軽量なろうリーダー

作品タイトル不明

第797話 アトラス連合艦隊

「————今こそ、大迷宮を手中に収め、我がジン・アトラス王国が再び大砂漠の覇権を取り戻すのだ!」

大嵐が過ぎ去り、カーラマーラよりもたらされた『冒険王ザナドゥ、死す』の報告を聞いた、ジン・アトラス国王は、高らかにそう宣言した。

広大なアトラス大砂漠には、幾つもの小国家が存在している。ジン・アトラス王国は大砂漠西部一帯を支配する、比較的大きな国だ。今でこそアトラスの国々の中では有力、程度の規模だが、かつては大砂漠全土を支配した巨大な王国であった。

しかし、数百年前に大砂漠のど真ん中にて古代の伝説に謡われた大迷宮が発見され、カーラマーラが成立してから、王国は急速に衰退していった。

一度は栄華の頂点に君臨したが故に、そのプライドは数百年経った今でも捨てられない。大砂漠の覇権をカーラマーラから取り戻すのは、ジン・アトラス王家の悲願である。

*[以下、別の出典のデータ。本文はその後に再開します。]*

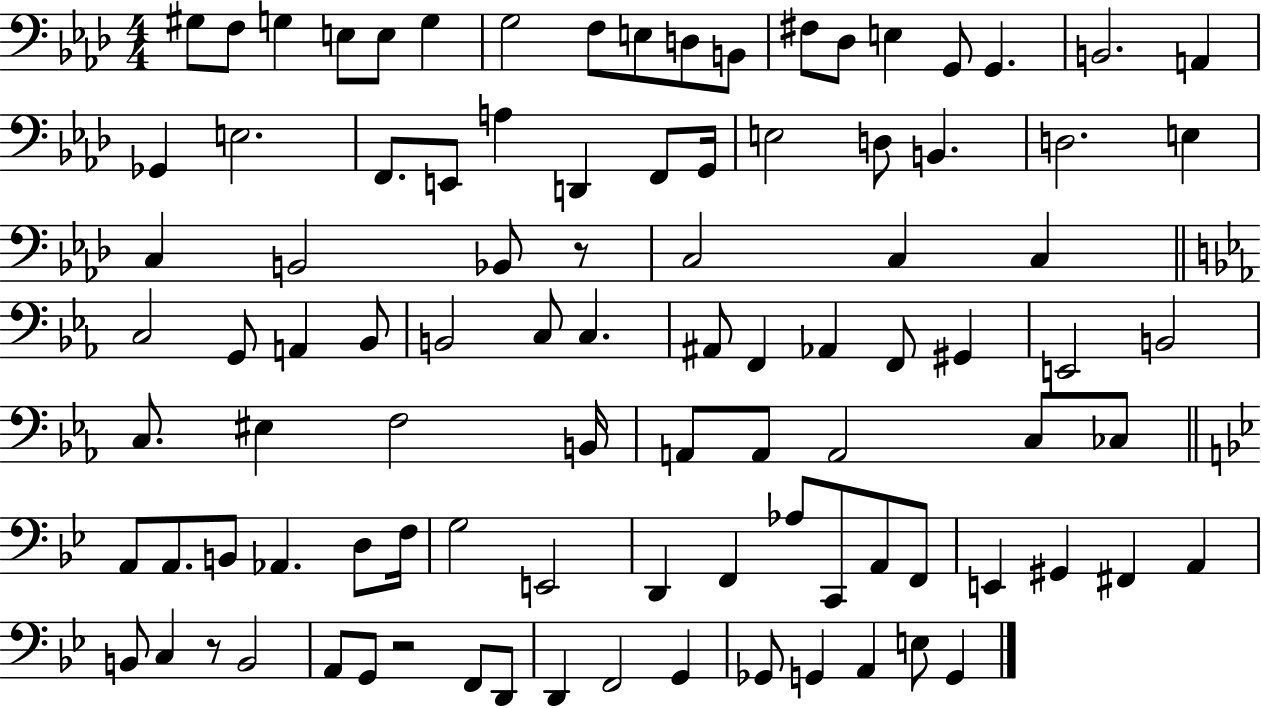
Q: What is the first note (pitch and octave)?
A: G#3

今代の国王も例に漏れず大砂漠の支配を夢見る野心家であり、そして何より、数百年越しにそのチャンスが巡るという幸運に恵まれたのだった。

「カーラマーラは長らく大商人達による支配体制が続いていた。複雑に絡み合う利権、入れ替わりの激しい議員制度……そんな混沌とした状態だからこそ、これまでつけ入る隙がなかった」

大商人達による合議制、という大陸でも珍しい政治形態のカーラマーラは決して優れた統治とは言えないものだったが、長く続けられただけのメリットも存在していた。

その最たるものは、王がいない、という点。

国王を権力の頂点とする王政は、国王が不在になる時は非常に脆くなる。つまり、王が死んだその時こそ、最も国が揺らぐタイミングなのだ。上手く代替わりできれば大した問題ではないが、後継者争いは王国の常。

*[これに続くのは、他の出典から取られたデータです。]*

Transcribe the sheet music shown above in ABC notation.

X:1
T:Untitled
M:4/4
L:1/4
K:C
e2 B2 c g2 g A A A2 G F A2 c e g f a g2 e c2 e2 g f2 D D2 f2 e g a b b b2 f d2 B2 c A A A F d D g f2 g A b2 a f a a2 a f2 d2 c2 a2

しかし合議制では、たった一人の死は大きな影響にはならない。どれほど有力な議員であっても、王ほどの権力はない。国政が麻痺するほどのダメージとなるには、何十人もの議員が同時に死ななければならないだろう。

「だが、冒険王ザナドゥ、あの男の登場によりカーラマーラのバランスはついに崩れた。奴は正に、カーラマーラの王と呼ぶに相応しい」

そう、王が不在のカーラマーラにあって、王に匹敵するだけの影響力を一身に集めたのがザナドゥだ。冒険王という二つ名が広まったのも、暗にその権威が王に準ずるほどであると認められていたからかもしれない。

そして、そんな偉大な男の死に目に、現在の王位にあった国王は、大砂漠の女神アトラスに感謝の祈りを捧げる。今こそ正しく、千載一遇のチャンス。これを逃せば、次は千年先になるかもしれない。

「余が王位に就いて、幾十年……今日、この日のために余は準備を重ねてきた。ザナドゥが倒れ、支配の揺らいだカーラマーラを一息に制圧するための準備である」

人間であるザナドゥは、どう足掻いても二百年は生きられない。大迷宮でどんな 大魔法具(アーティファクト) や秘薬を手に入れようとも、百年を少々超えるだけの寿命にまで伸ばすのが限界のはず。

その死期を見越して、備えをするのはそう難しいことではない。

そして、それを考えていたのは、ジン・アトラス王国だけではなかった。

「遥か昔より秘密協定だけは結ばれてはいたが、それが現実のものとなったのは、今をおいて他にはあるまい。我がジン・アトラス王国を筆頭に、北のロックウェル、東のデサントス、その他、合わせて13もの国との、大連合がすでに成立しておる!」

誰もが狙っていた。この時を、虎視眈々と。カーラマーラという、余りにも恵まれた奇跡の都市。

その富を砂塵の果てに眺めることしかできなかった、大砂漠の周辺諸国は、今この時をもって一致団結した。

今度は、その豊かさを自らのものとせんがために。

「シャーガイル・カルタハール将軍! 『ジンの大アギト』と呼ばれる我が国最強の常勝将軍よ。そなたを、アトラス連合艦隊を率いる、大提督に任ずる!!」

「ははっ! このシャーガイルにお任せあれ! カーラマーラの成金共を蹴散らし、大迷宮を制圧してご覧にいれましょう!」

そうして、ジン・アトラス王国のシャーガイル・カルタハール将軍は、アトラス連合艦隊という空前絶後の大艦隊を率い、砂の海を意気揚々と突き進んでいた。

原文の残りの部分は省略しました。